■ **EXERCISE DIRECTIONS**
What you return should be only the lines starting at the one that contains "Men's Vest –" and running to the end of the listing, exactly as written, minus any pictures.
____
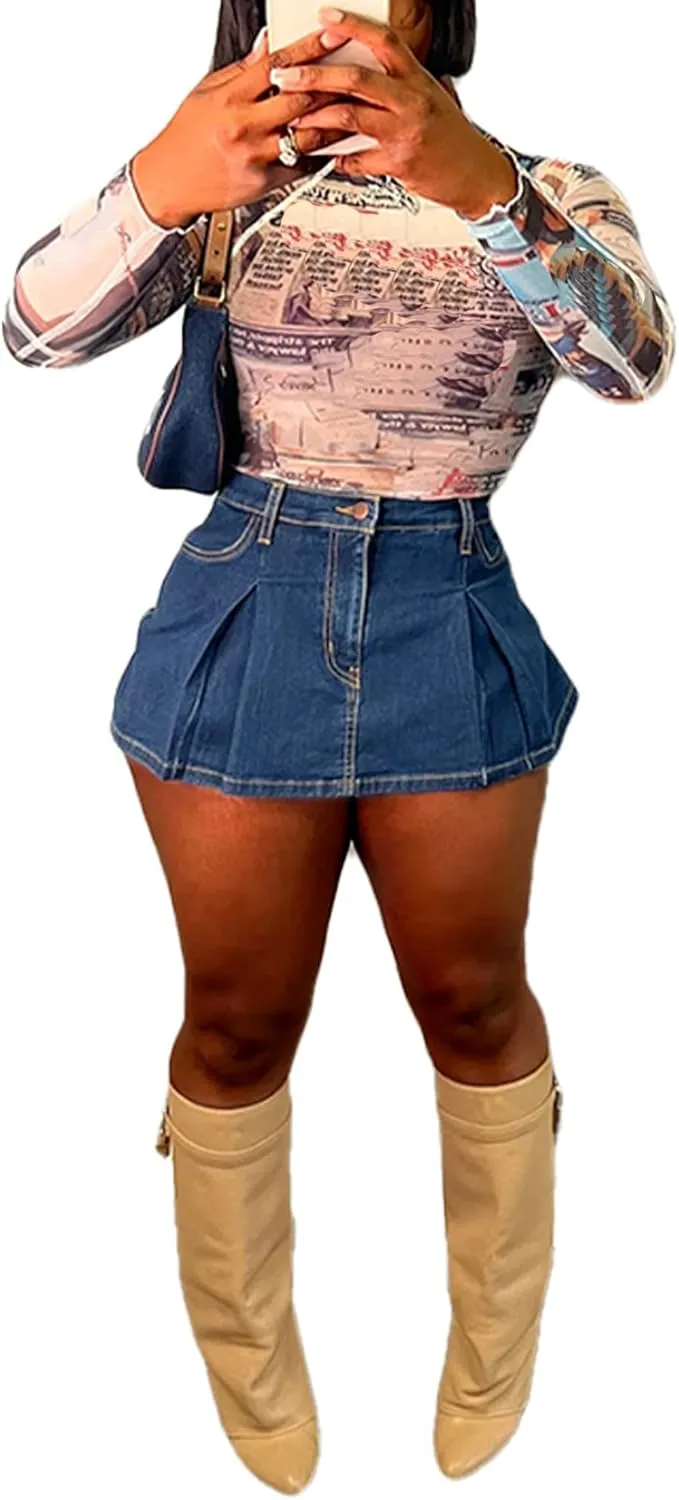 Women's Mini Jean Skirts Slit Bodycon Denim Skirt with Pockets Summer Vintage Streetwear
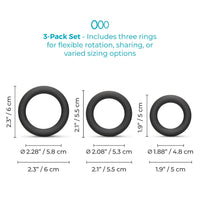 b-Vibe Snug Ring Swole 3-Pack Snug Fit Silicone Cock Ring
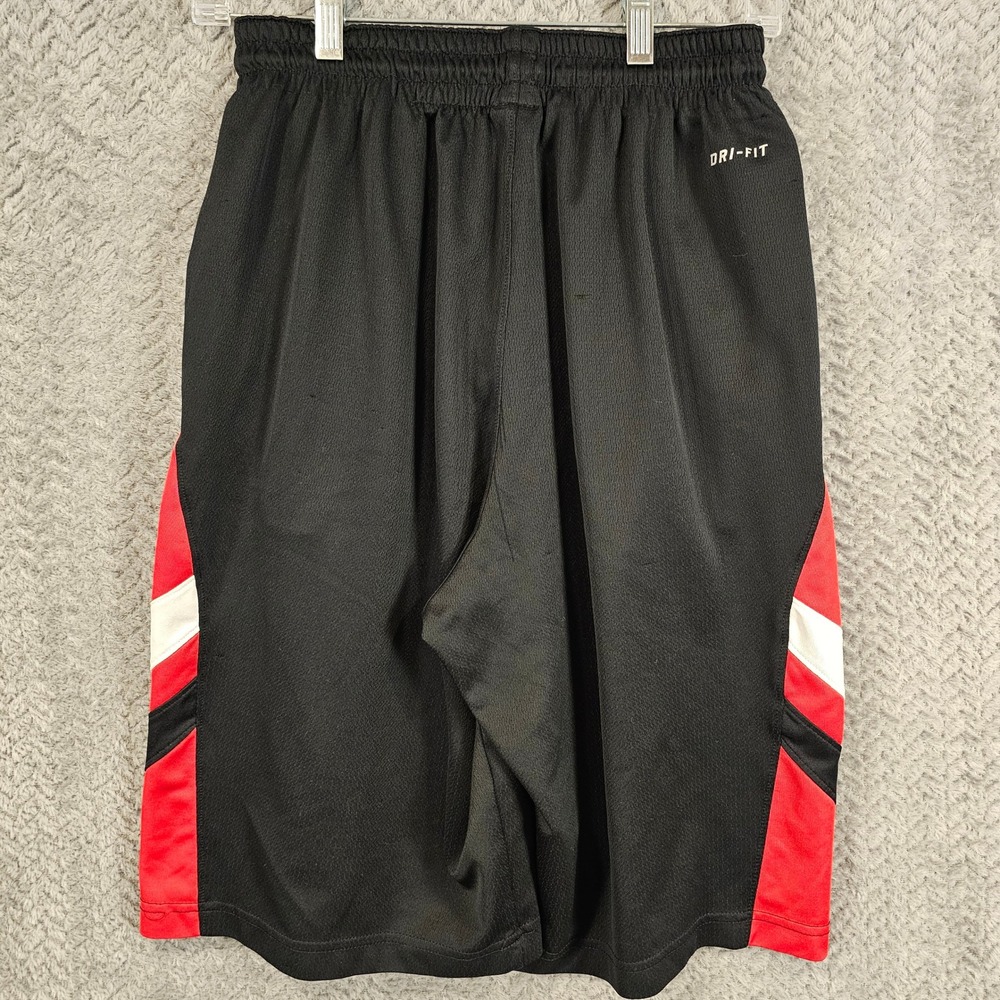 Nike Mens Dri-FIT Basketball Shorts‎ Black Red White Mesh 618327-011 Size S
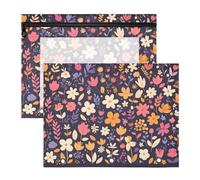 Foiosoh Carpeta para lápices, carpetas de bolsillo resistentes para carpetas de 3 anillas, paquete de 2 unidades, clase de estudiantes, diseño floral mexicano, color morado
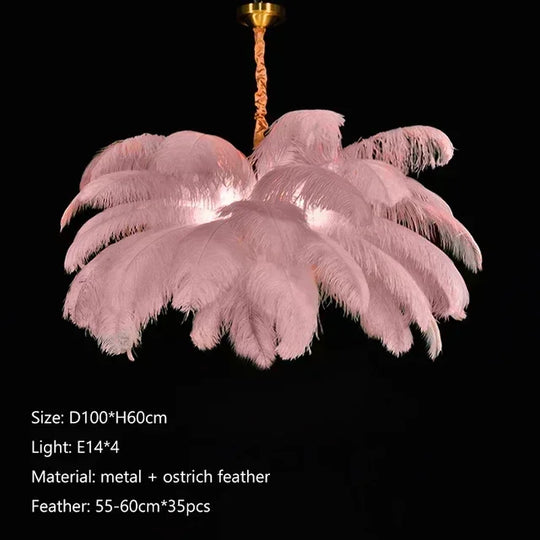 Nordic Feather Pendant Light Modern Art Chandelier for Bedroom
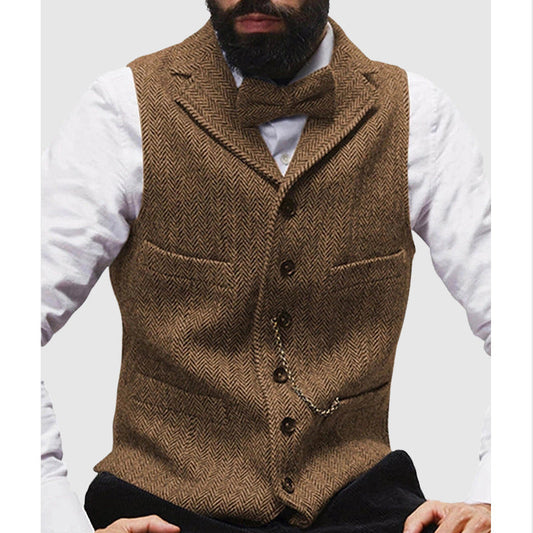 Men's Vest – Tailored Fit – Wool Texture – Classic Silhouette – Formal Design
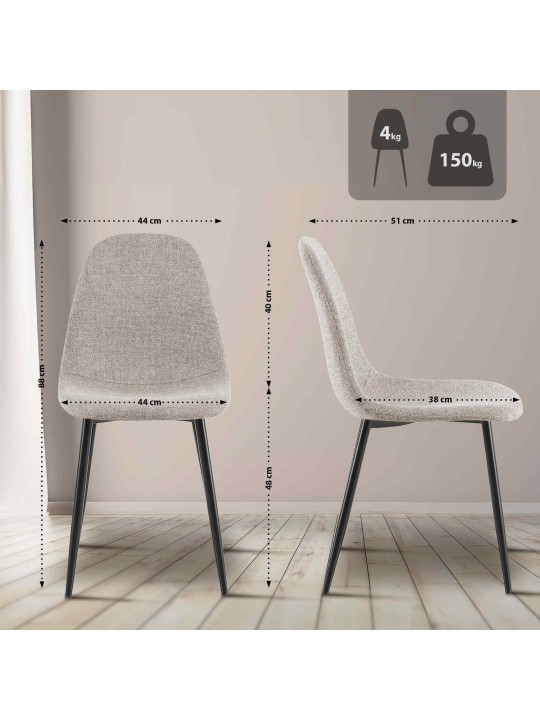 Eetkamerstoel Napier stof, crème Eetkamerstoel Napier stof, crème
____
■ **EXERCISE OUTPUT**
 Men's Vest – Tailored Fit – Wool Texture – Classic Silhouette – Formal Design
 Eetkamerstoel Napier stof, crème Eetkamerstoel Napier stof, crème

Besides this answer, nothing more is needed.